[Scraped caption text data]
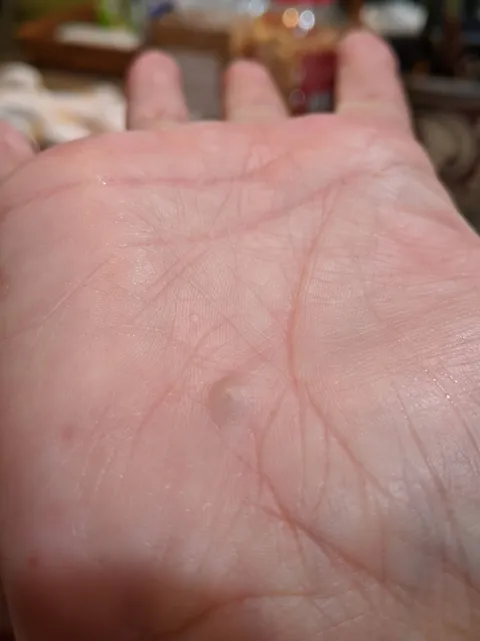 A rock working its way out of my hand after a bicycle accident over 25 years ago.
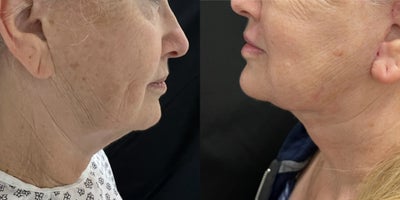 Neck Lift before and after photo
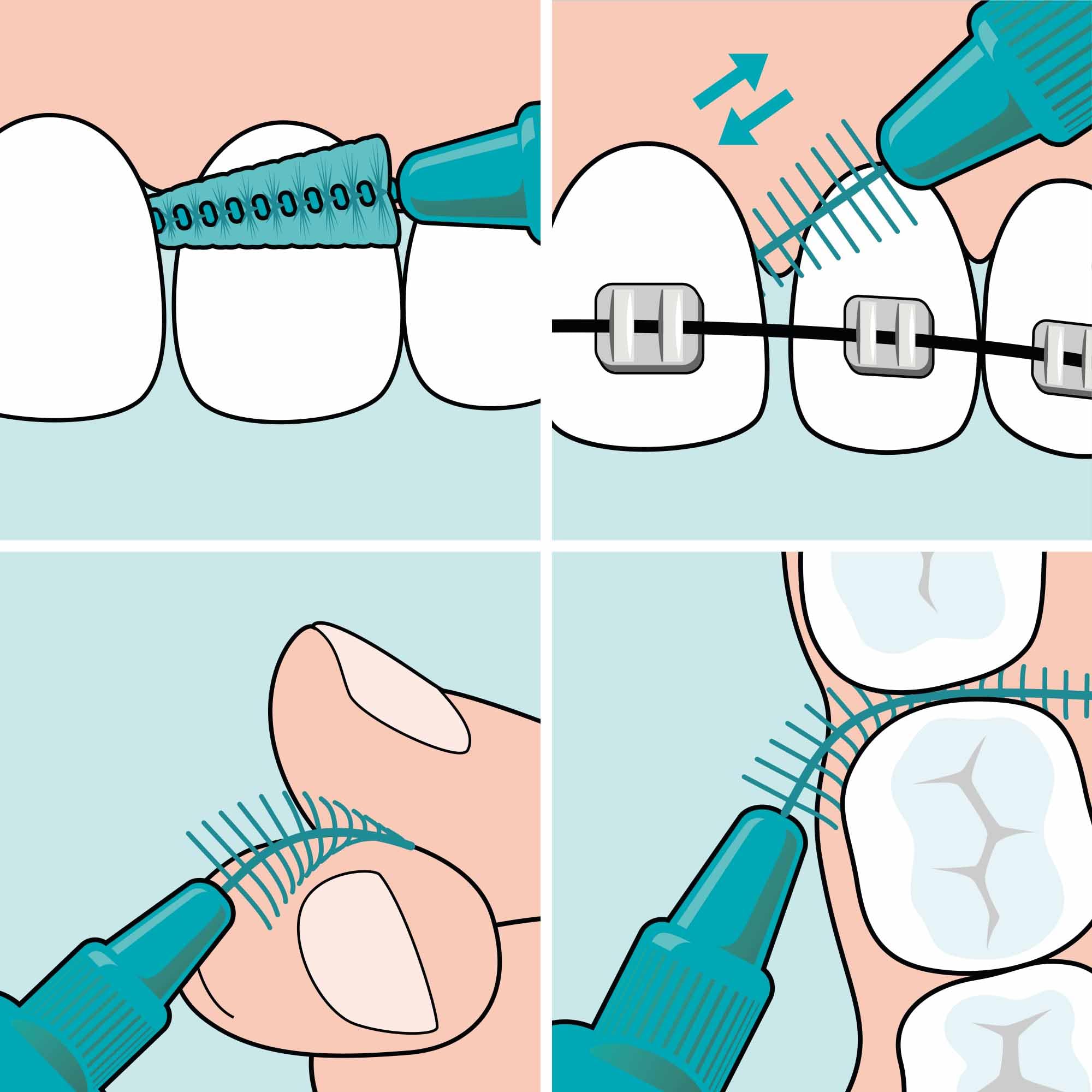 tepe-easyfit-lila-m-l-interdentalb-rste-konisch-6-st-ck image 6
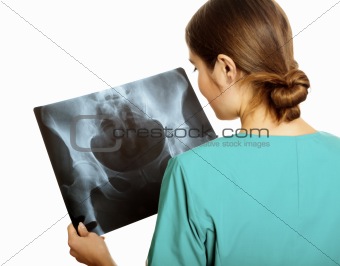 Female doctor examining an x-ray image. Focus is on the x-ray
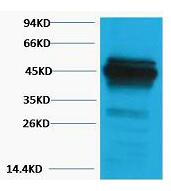 CK18 Polyclonal Antibody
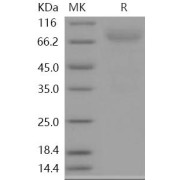 SDS-PAGE analysis of recombinant Human NRXN3 protein.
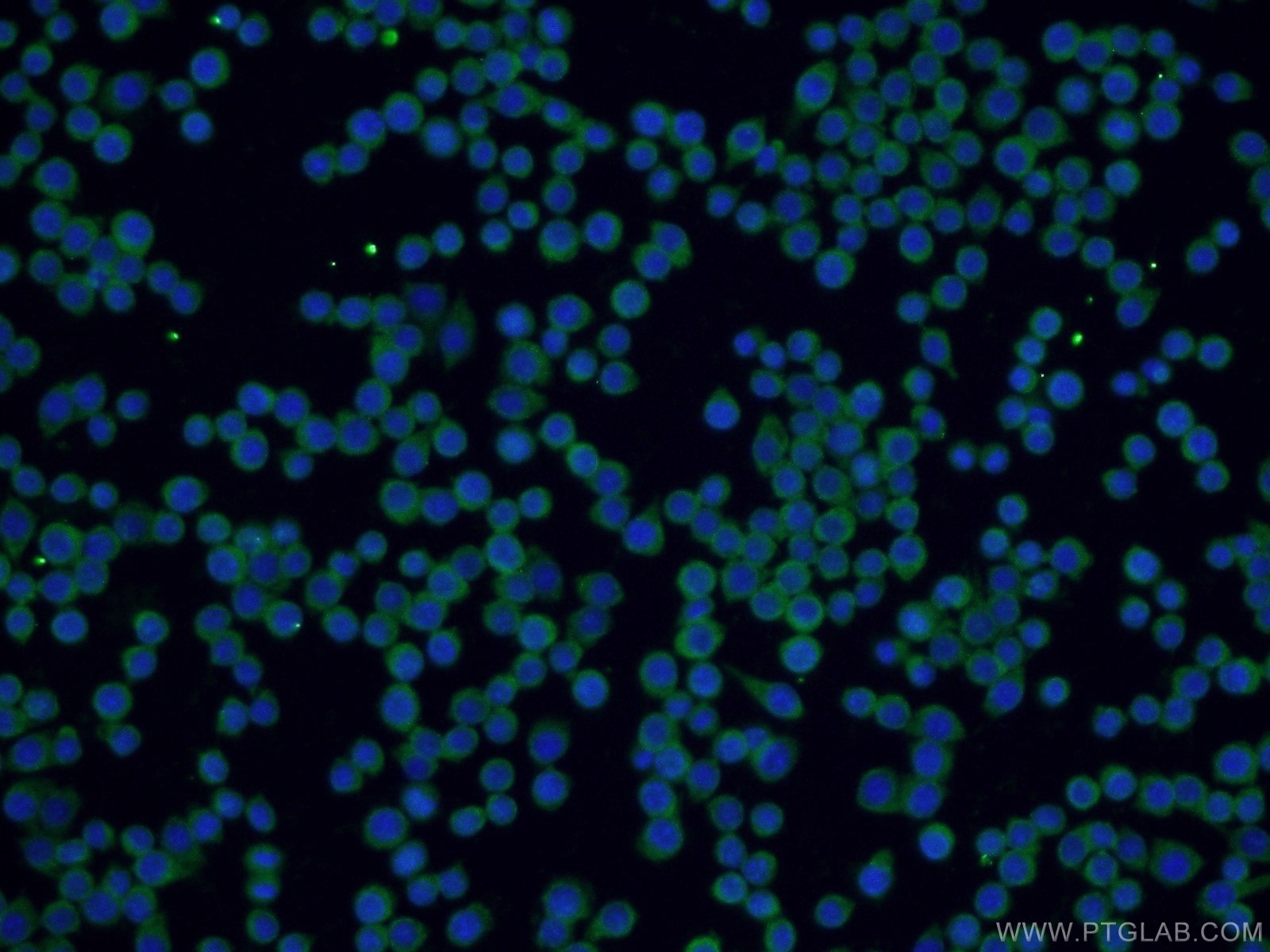 Immunofluorescence (IF) / fluorescent staining of RAW 264.7 cells using SPAG9 Polyclonal antibody (24423-1-AP)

» TRY IT: Pictures do not belong in your copy; restate word for word the lines from the one containing "Female doctor examining" through the last line of the records above.

» WRITTEN ANSWER:
 Female doctor examining an x-ray image. Focus is on the x-ray
 CK18 Polyclonal Antibody
 SDS-PAGE analysis of recombinant Human NRXN3 protein.
 Immunofluorescence (IF) / fluorescent staining of RAW 264.7 cells using SPAG9 Polyclonal antibody (24423-1-AP)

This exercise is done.